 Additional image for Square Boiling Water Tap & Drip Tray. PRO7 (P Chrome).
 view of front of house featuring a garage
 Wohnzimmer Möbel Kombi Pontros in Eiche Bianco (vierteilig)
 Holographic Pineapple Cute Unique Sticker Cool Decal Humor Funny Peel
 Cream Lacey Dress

* * *

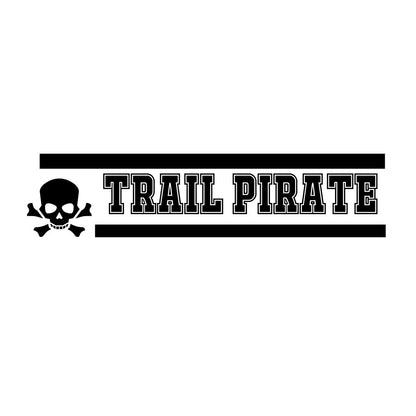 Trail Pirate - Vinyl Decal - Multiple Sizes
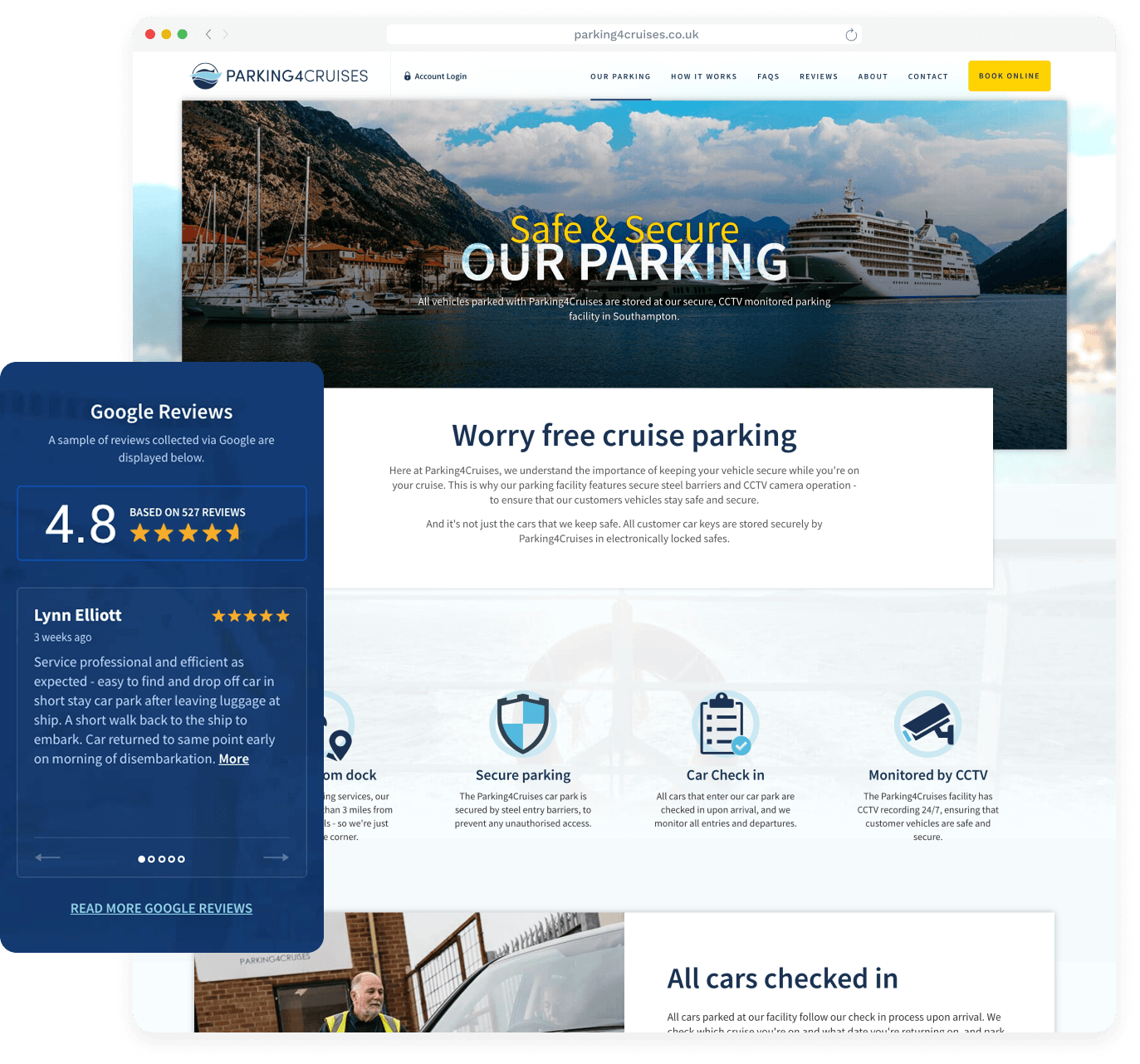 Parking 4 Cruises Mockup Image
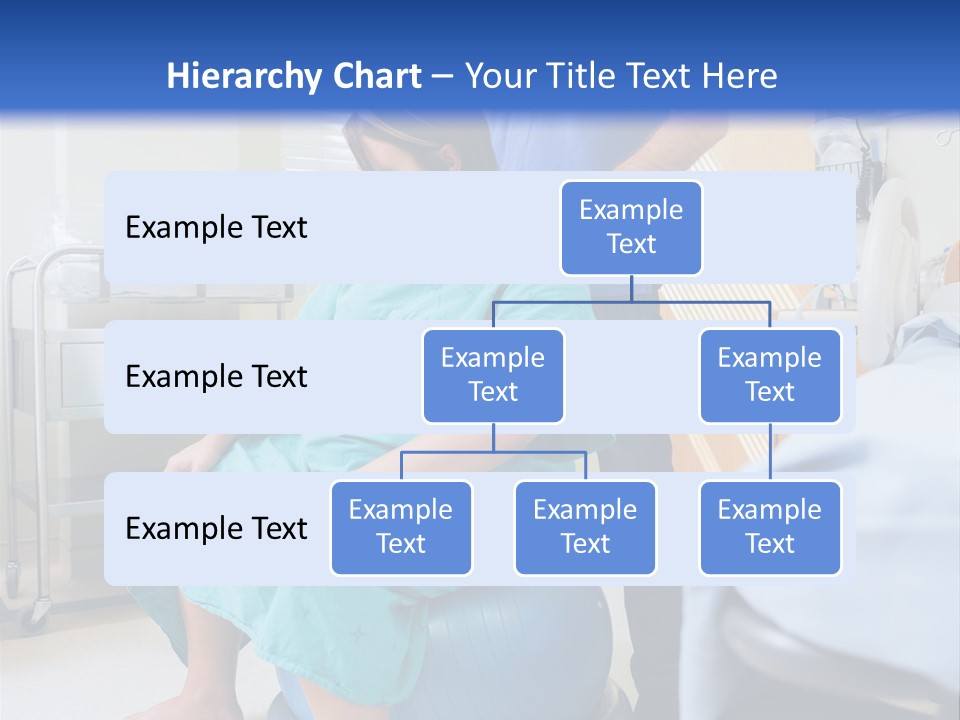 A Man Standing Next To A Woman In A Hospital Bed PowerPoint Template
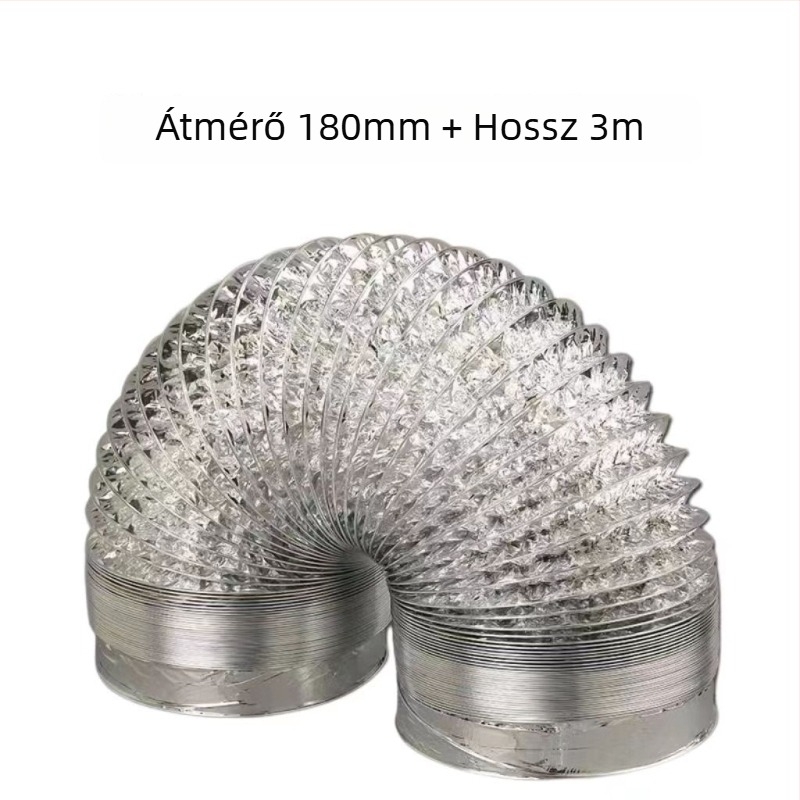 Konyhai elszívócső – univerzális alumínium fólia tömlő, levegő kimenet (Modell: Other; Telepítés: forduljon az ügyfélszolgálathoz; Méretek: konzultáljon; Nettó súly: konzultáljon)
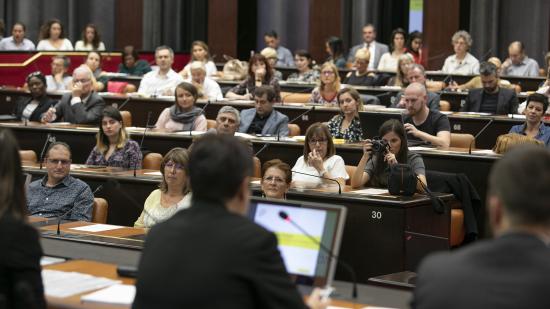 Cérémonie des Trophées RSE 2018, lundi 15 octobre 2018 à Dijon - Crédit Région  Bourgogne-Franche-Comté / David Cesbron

--

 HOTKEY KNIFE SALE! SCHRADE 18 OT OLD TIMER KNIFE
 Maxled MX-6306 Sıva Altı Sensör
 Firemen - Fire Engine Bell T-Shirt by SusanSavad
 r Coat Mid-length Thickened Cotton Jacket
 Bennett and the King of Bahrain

REQUIRED WORK: Go to the line in the material above that contains "Additional image for" and copy exactly from there through the line that contains "Cream Lacey Dress", stopping after it.

TASK OUTPUT:
 Additional image for Square Boiling Water Tap & Drip Tray. PRO7 (P Chrome).
 view of front of house featuring a garage
 Wohnzimmer Möbel Kombi Pontros in Eiche Bianco (vierteilig)
 Holographic Pineapple Cute Unique Sticker Cool Decal Humor Funny Peel
 Cream Lacey Dress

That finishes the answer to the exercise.